James Christopher Mizes

Researcher at the Technologies, Territories and Societies Laboratory

  • Resarcher
  • Technologies, Territories and Societies Laboratory

Tabs

My current research explores the fiscal and financial politics of West African cities, and most of my recent fieldwork has been focused on one small, densely-packed urban peninsula jutting out into the Atlantic ocean: Dakar, Senegal. In two linked research programs, I analyse how officials, experts, and popular movements are today framing old problems of economic development and political liberation in new ways.

My first research program examines the financial politics of municipal democracy. Development experts today argue there is a persistent mismatch between political and fiscal decentralization in which constitutional limitations and electoral opposition regularly confound access to much-needed municipal wealth. This problem of the municipal fiscal gap is emerging as a central framing of contemporary global development in The Urban Age. In this research, I follow diverse publics as they form in response, and at times in opposition, to a suite of fiscal and financial devices which have emerged in municipalities across the Dakar peninsula to fill in this municipal gap. This research has grown out of my work with two urban geographers: Liza Rose Cirolia (African Centre for Cities, University of Cape Town) and Cheikh Abdou Lahat Ngom (Université Cheikh Anta Diop de Dakar). I’m currently writing a book based on this research titled “Communal liberation: city, economy, democracy”.

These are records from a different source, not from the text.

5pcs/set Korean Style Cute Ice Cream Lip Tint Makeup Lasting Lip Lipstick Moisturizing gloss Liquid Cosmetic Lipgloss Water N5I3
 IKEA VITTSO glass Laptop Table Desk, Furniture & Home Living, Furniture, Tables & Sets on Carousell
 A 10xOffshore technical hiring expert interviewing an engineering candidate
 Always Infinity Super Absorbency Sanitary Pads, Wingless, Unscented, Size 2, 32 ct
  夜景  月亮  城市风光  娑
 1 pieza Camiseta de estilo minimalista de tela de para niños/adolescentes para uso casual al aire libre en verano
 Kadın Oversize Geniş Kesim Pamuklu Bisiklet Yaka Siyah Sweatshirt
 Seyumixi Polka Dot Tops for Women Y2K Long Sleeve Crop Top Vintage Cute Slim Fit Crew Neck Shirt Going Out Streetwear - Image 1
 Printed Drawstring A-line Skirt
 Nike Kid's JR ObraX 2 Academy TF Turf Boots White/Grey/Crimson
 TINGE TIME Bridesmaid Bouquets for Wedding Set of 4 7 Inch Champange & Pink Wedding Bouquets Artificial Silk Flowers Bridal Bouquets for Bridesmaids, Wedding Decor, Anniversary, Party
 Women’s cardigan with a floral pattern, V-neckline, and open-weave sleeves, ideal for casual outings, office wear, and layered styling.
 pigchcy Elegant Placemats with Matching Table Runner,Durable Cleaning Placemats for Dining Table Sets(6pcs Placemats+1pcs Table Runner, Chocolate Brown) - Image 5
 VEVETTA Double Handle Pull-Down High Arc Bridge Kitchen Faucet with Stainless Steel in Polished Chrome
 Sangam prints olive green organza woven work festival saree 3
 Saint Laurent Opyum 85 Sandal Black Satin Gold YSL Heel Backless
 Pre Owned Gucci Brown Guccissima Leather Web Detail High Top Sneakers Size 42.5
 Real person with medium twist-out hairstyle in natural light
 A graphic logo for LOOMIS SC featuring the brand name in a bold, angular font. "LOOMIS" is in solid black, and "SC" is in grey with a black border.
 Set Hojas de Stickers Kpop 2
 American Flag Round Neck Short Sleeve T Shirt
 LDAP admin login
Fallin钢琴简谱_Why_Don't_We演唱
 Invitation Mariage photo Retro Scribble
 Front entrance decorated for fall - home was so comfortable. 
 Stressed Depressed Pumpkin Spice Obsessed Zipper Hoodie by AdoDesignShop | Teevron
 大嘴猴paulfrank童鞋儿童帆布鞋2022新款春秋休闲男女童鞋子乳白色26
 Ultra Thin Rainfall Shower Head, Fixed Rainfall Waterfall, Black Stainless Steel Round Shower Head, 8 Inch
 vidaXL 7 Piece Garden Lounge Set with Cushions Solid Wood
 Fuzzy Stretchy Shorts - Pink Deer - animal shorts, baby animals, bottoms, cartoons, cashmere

In a second research program, I investigate an emerging form of pan-African economic development that originates on the African continent, in African institutions, and is financed with African capital. Euro-American financial institutions are declining in status and importance across the continent and are today being challenged by indigenous investment banks, domestic stock exchanges, regional credit rating agencies, and a new politics of monetary sovereignty. At stake for these financial actors is rejecting Euro-America’s historic control over finance in Africa and advancing the continental capacity to know and to plan for a pan-African future. My research on these transformations has been mostly conceptualized and written alongside Kevin P. Donovan (University of Edinburgh) and a group of equally amazing anthropologists.

These two research programs are new takes on my longtime interest in the technical politics of economic alternatives. Rather than critiquing economy from afar, I analyze how people are already doing economic life differently, for better or worse.